[Assigned task]: The reply should hold only the lines below beginning at the one with "The IL-4 was" and ending at the one with "This vehicle has", copied exactly, with every picture left out.

[Data]:
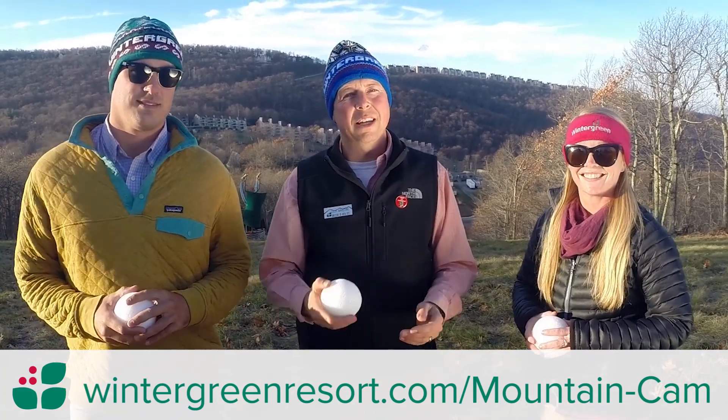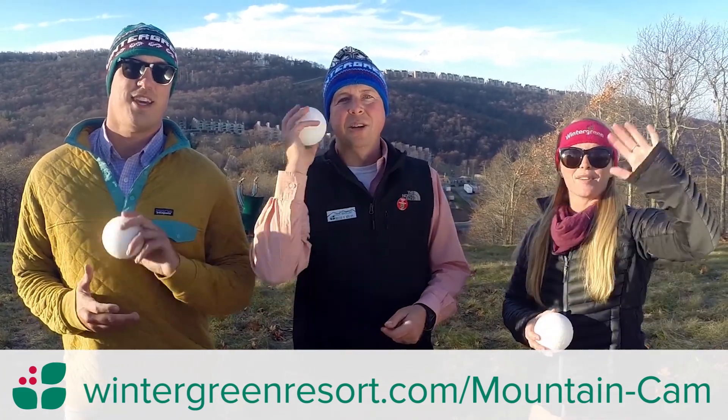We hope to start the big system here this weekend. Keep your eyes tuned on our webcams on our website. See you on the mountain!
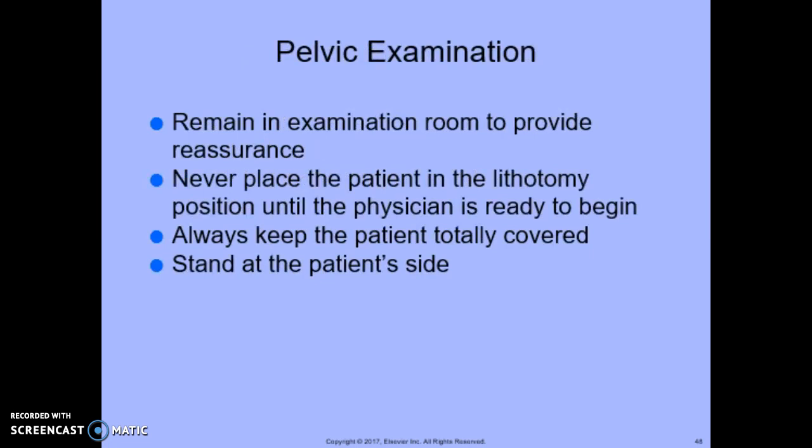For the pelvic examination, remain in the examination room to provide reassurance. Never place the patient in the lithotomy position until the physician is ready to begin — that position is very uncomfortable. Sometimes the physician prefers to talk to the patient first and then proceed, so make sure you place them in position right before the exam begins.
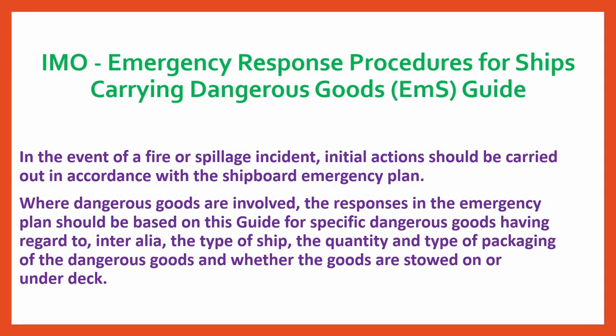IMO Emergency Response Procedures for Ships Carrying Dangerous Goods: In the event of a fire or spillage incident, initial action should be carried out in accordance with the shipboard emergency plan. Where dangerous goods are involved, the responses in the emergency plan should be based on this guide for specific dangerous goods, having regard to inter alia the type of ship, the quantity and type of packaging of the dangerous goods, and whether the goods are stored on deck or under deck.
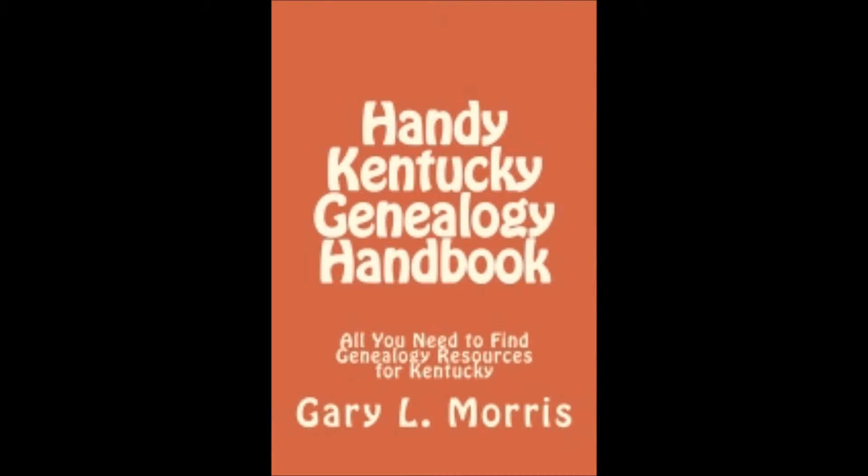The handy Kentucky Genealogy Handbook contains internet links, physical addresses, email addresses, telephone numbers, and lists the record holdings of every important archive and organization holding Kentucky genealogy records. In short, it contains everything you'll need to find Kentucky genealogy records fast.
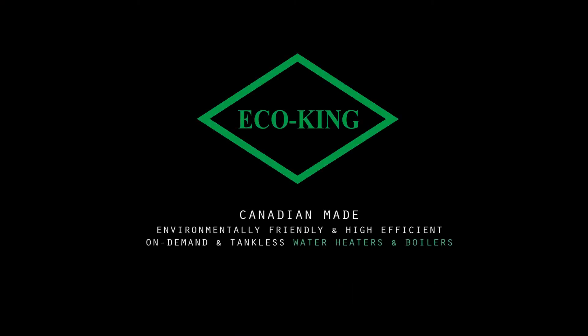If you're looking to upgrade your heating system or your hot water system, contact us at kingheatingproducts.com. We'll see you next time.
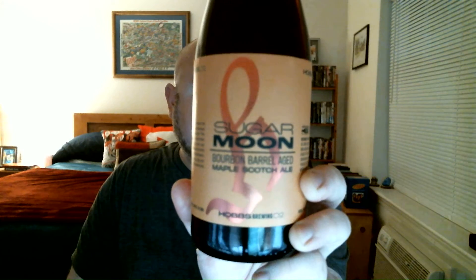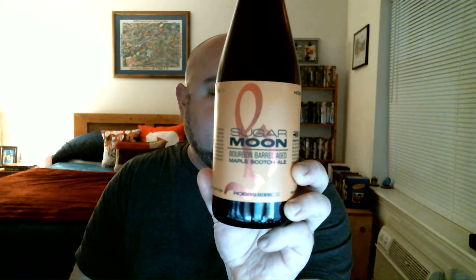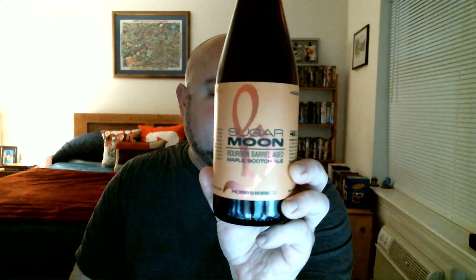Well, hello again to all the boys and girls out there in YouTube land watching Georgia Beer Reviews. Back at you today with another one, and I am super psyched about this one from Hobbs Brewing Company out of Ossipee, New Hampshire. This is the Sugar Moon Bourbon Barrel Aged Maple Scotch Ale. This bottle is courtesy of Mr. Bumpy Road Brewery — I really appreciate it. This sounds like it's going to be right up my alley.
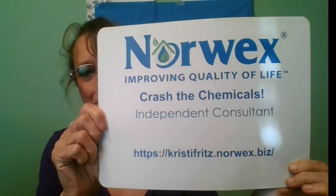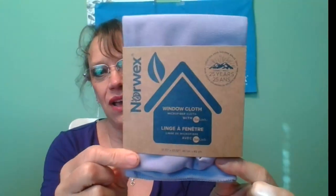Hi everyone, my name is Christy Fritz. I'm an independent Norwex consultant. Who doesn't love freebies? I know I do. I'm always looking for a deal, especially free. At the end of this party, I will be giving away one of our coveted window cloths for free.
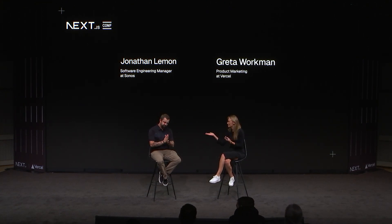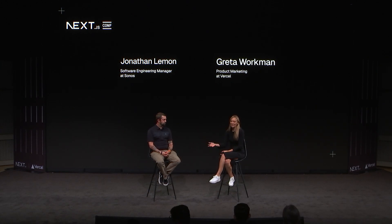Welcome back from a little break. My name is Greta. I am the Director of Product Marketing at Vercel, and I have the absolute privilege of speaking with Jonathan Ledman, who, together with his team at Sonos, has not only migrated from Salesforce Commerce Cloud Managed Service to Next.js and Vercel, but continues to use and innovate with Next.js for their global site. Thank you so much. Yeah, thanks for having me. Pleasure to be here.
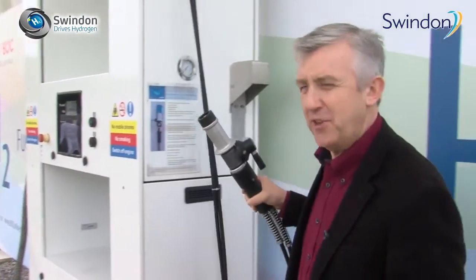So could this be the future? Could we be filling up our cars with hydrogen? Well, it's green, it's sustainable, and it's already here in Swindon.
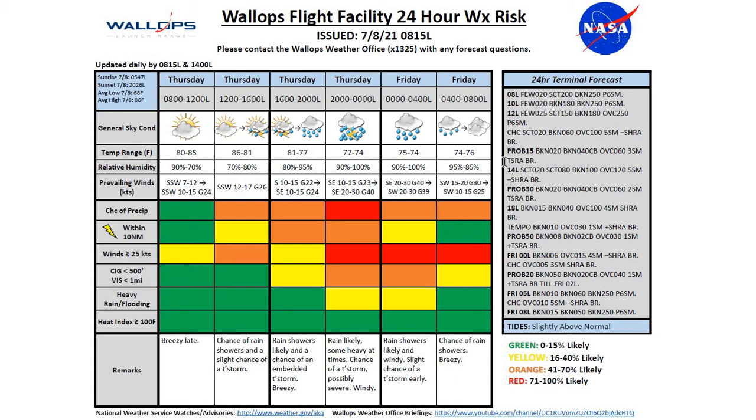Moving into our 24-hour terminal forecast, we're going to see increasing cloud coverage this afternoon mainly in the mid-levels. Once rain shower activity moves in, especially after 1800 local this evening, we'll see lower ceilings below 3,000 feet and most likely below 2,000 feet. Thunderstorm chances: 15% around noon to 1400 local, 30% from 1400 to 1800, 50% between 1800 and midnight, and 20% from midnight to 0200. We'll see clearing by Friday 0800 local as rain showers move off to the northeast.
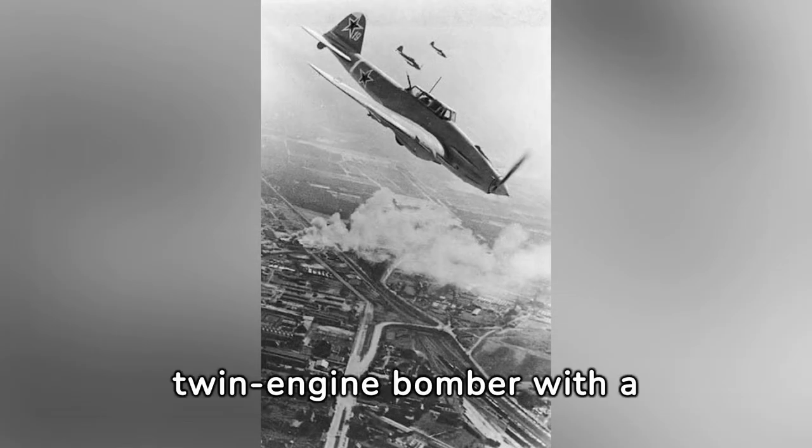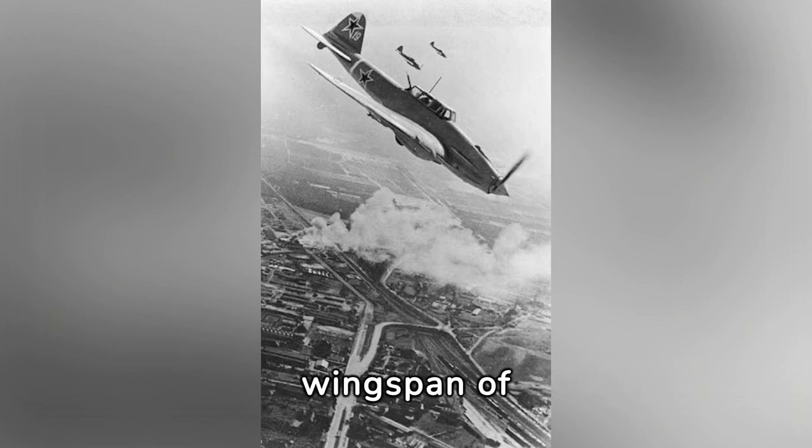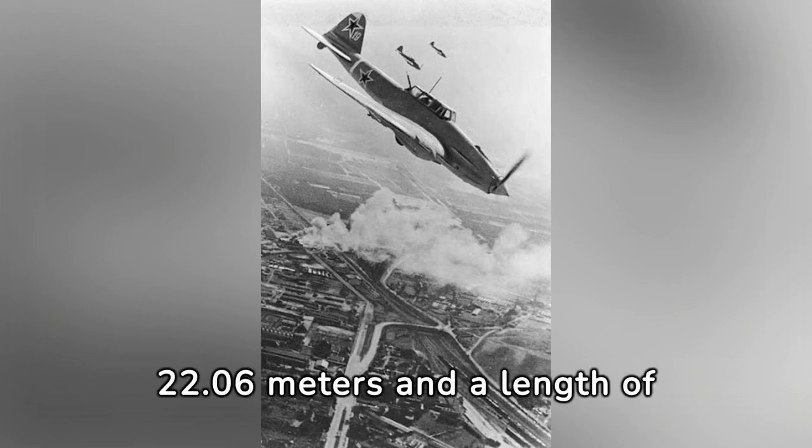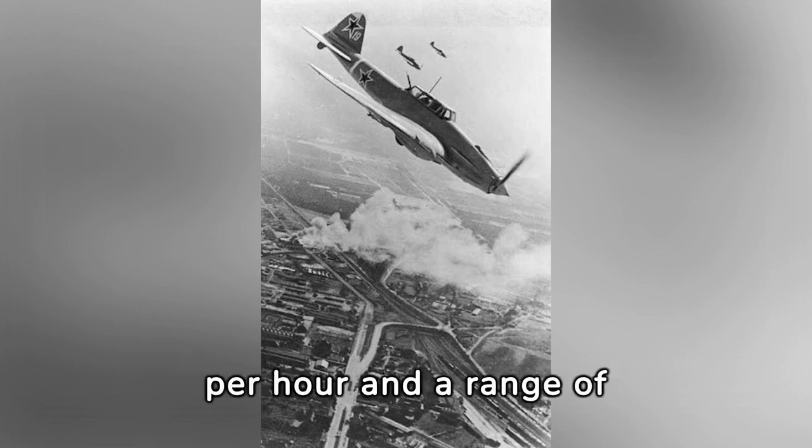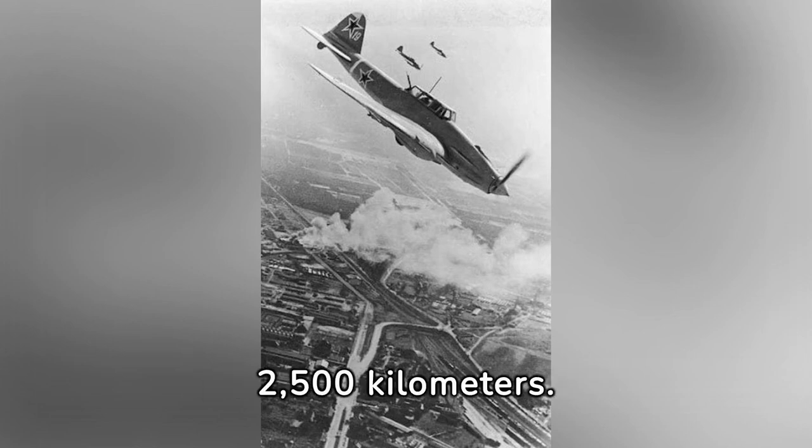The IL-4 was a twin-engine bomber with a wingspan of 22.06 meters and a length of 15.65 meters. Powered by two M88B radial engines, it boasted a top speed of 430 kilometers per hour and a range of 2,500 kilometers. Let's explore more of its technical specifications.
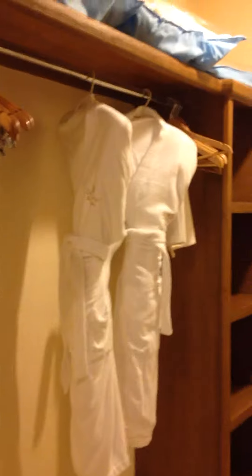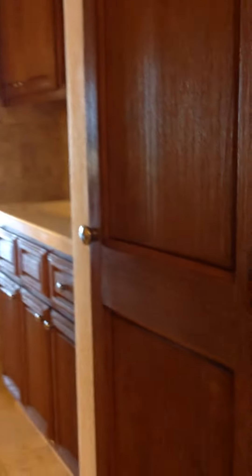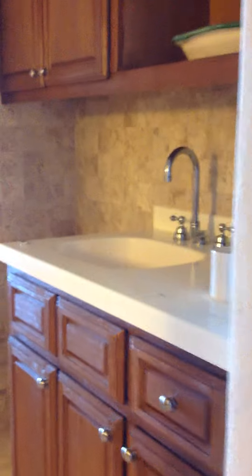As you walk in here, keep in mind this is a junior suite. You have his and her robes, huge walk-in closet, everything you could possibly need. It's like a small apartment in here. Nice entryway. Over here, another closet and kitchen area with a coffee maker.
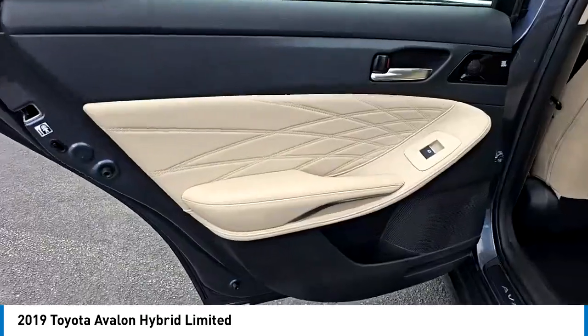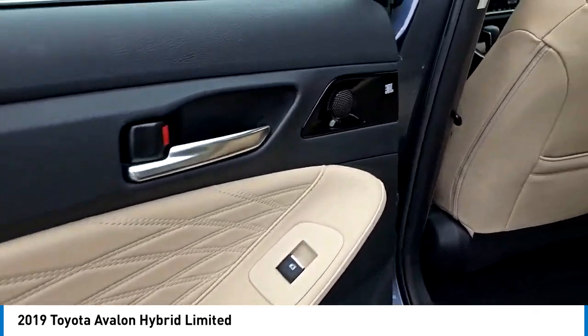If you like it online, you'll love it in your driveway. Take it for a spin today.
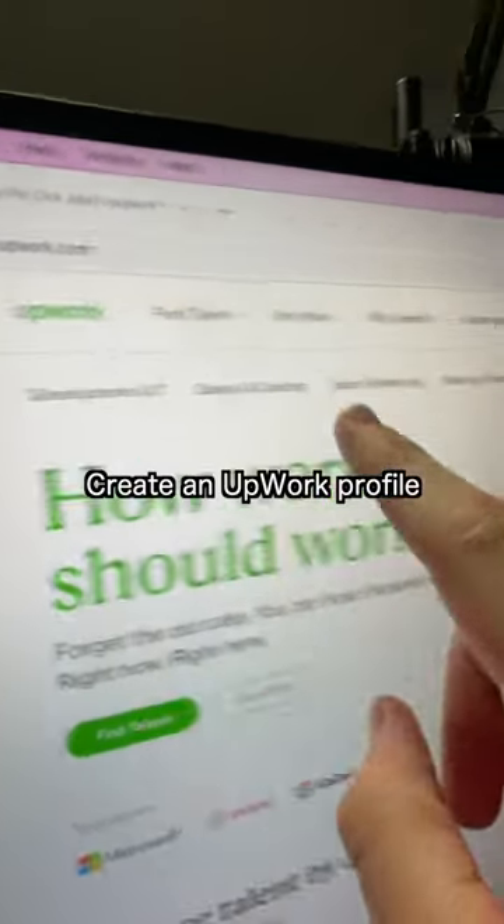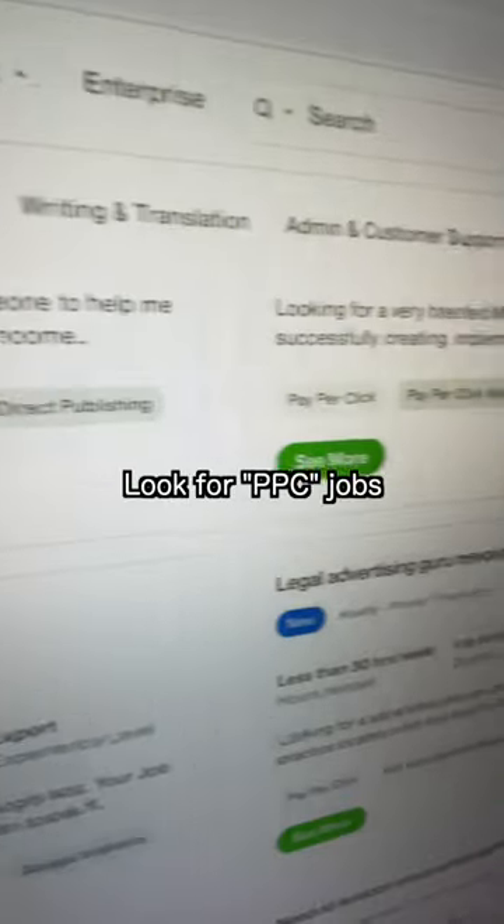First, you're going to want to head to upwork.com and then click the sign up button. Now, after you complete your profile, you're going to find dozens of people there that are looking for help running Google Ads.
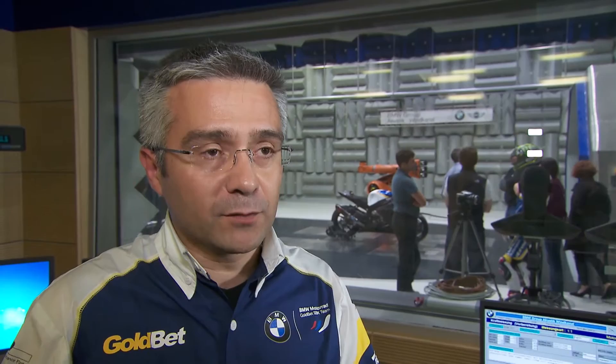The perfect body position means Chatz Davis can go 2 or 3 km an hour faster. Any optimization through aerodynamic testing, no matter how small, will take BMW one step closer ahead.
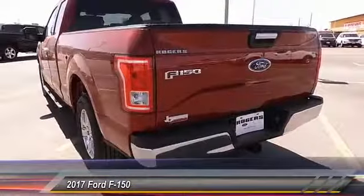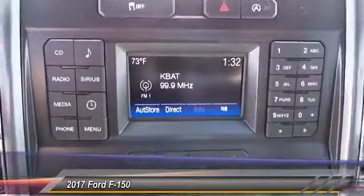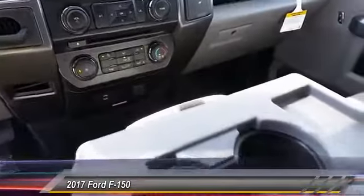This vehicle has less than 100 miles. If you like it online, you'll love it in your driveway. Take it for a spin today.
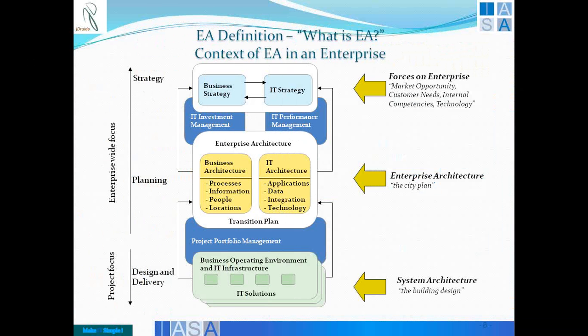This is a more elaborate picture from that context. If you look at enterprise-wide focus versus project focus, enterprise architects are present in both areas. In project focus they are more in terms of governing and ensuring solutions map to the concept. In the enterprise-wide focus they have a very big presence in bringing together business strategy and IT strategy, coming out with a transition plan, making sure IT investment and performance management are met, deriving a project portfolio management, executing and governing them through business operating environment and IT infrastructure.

[Answer to this task]:
The IL-4 was a twin-engine bomber with a wingspan of 22.06 meters and a length of 15.65 meters. Powered by two M88B radial engines, it boasted a top speed of 430 kilometers per hour and a range of 2,500 kilometers. Let's explore more of its technical specifications.
As you walk in here, keep in mind this is a junior suite. You have his and her robes, huge walk-in closet, everything you could possibly need. It's like a small apartment in here. Nice entryway. Over here, another closet and kitchen area with a coffee maker.
If you like it online, you'll love it in your driveway. Take it for a spin today.
First, you're going to want to head to upwork.com and then click the sign up button. Now, after you complete your profile, you're going to find dozens of people there that are looking for help running Google Ads.
The perfect body position means Chatz Davis can go 2 or 3 km an hour faster. Any optimization through aerodynamic testing, no matter how small, will take BMW one step closer ahead.
This vehicle has less than 100 miles. If you like it online, you'll love it in your driveway. Take it for a spin today.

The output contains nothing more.